#### [Task goal]
From the line containing "Lucky Bees Szal" down to the line containing "06-07 SUZUKI GSXR", copy out the entries below exactly, both lines included, and nothing else; pictures do not belong in the copy.

#### [Dataset excerpts]

-- Opening Marker --

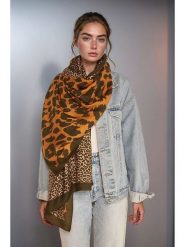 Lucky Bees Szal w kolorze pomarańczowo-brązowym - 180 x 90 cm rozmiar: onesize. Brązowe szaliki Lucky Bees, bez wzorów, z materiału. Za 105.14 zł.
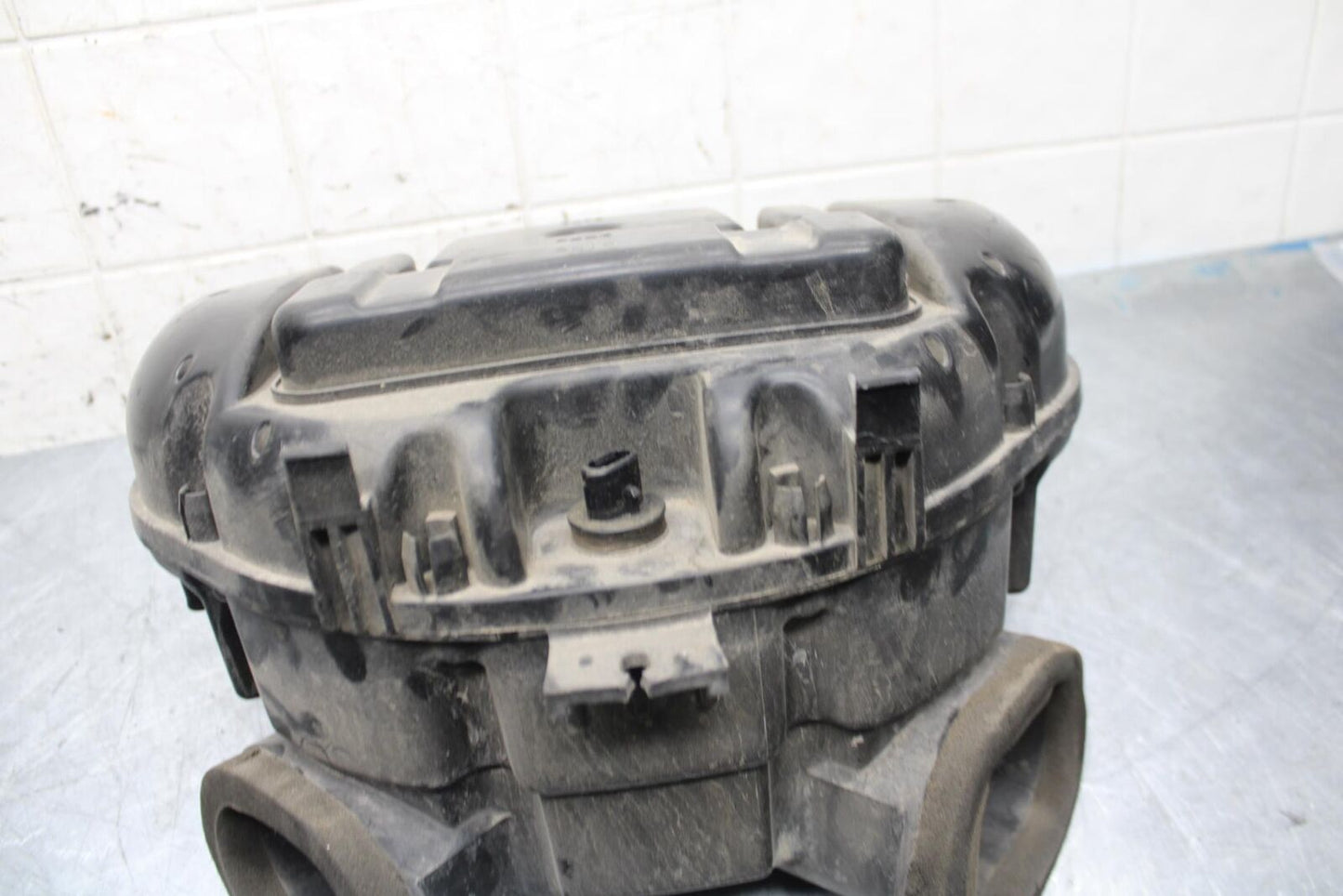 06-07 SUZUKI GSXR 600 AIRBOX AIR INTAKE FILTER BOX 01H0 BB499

-- Closing Marker --
-- Opening Marker --

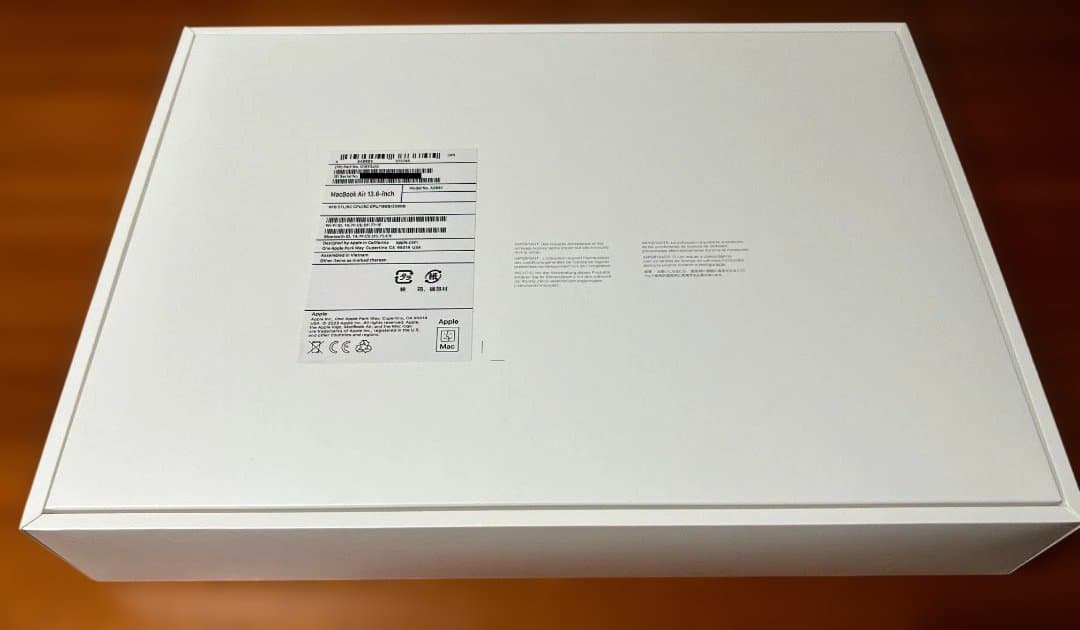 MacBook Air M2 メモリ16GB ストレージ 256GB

-- Closing Marker --

#### [Response to the exercise]
 Lucky Bees Szal w kolorze pomarańczowo-brązowym - 180 x 90 cm rozmiar: onesize. Brązowe szaliki Lucky Bees, bez wzorów, z materiału. Za 105.14 zł.
 06-07 SUZUKI GSXR 600 AIRBOX AIR INTAKE FILTER BOX 01H0 BB499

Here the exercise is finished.